The hypothesis of no depth × soil (parent material) was accepted through MANOVA test criteria (Wilks’ Lambda P>0.57) implying that the soils at different development stages do not differ drastically in K supply. In all the three parent material soils, the plants that were sown in first horizon soils had more K concentration compared to the second and third horizon as K concentration in plants decrease with depth (Table 3). Further, the plants sown in soils at higher stage of development in loess had larger amount of K than soil at the early stage of development, whereas plants sown in sandstone and shale soils had more K concentration in the less developed soils.

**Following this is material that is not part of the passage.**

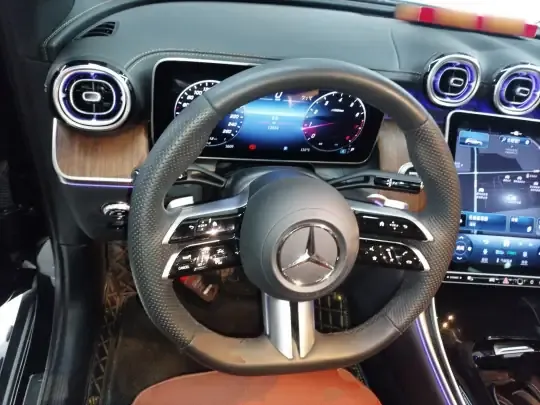 Mercedes-Benz GLC 2024 (13500 км)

The K uptake of plants ranged from 1 to 30 mg kg–1 in loess soils, 0.1 to 9 mg kg–1 in sandstone soils and 1 to 20 mg kg–1 soils on shale soils. Plants differ in their ability to take up K depending on several factors, these factors are soil factors as well as plant factors, the soil factors include CEC, soil moisture, available and non-exchangeable K content of soil etc., whereas plant factors include hybrid and plant population. The plants in first horizon soils uptake more K followed by second and third horizon soils (Table 3). The first horizon plants of shale uptake more K followed by loess and sandstone, whereas in second horizon the plants of loess uptake large amount of K as compare to shale and sandstone because the mica content of loess is more weathered and other soils had mica in crystalline form.

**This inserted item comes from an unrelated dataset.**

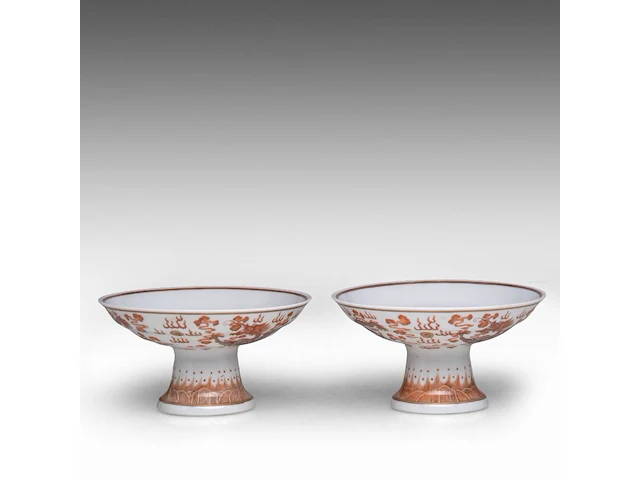 A set of four chinese iron-red 'dragons amongst clouds' tazza footed bowls, with a guangxu mark, h 10 - ø 18,5 cm - afbeelding 2 van  13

Relationship of plant potassium with potassium extracted with different extractants
The K concentration in plant and K uptake by plant better correlated with NaTPB-extracted K (R2 0.703 and 0.329) than with NH4OAc-extracted K (R2 0.129 and 0.087) in all soils, respectively (Figures 3 and 4, Table 4). This confirms that a non-exchangeable K portion is only assessable to NaTPB test but not to NH4OAc. According to Mengel and Uhlenbecker (1993), this non-exchangeable K trapped between interlayer of clay minerals is a major source of K for plants grown on many soils. The availability of non-exchangeable K depends primarily on the release rate of K from the interlayer of clay minerals. Besides illite, the K fixing capacity also seemed to have its influence on non-exchangeable K release. These relationships indicate that plants uptake solution K then exchangeable K is available to plants. The non-exchangeable K was not readily available but when solution K is depleted then non-exchangeable K can be a source of K for plants that maintains the solution concentration after exchangeable K. The NaTPB method has the potential of describing the plant-available K status of soils more completely than does soil test K, exchangeable K or extractable K.
The correlation between NaTPB-extracted K and plant K concentration and uptake was stronger than with the NH4OAc-extracted K method. The study reveals that a non-exchangeable K fraction may become available to plants that can only be estimated by NaTPB method. In conclusion, the NaTPB method has an advantage over the NH4OAc method for the assessment of the plant available K.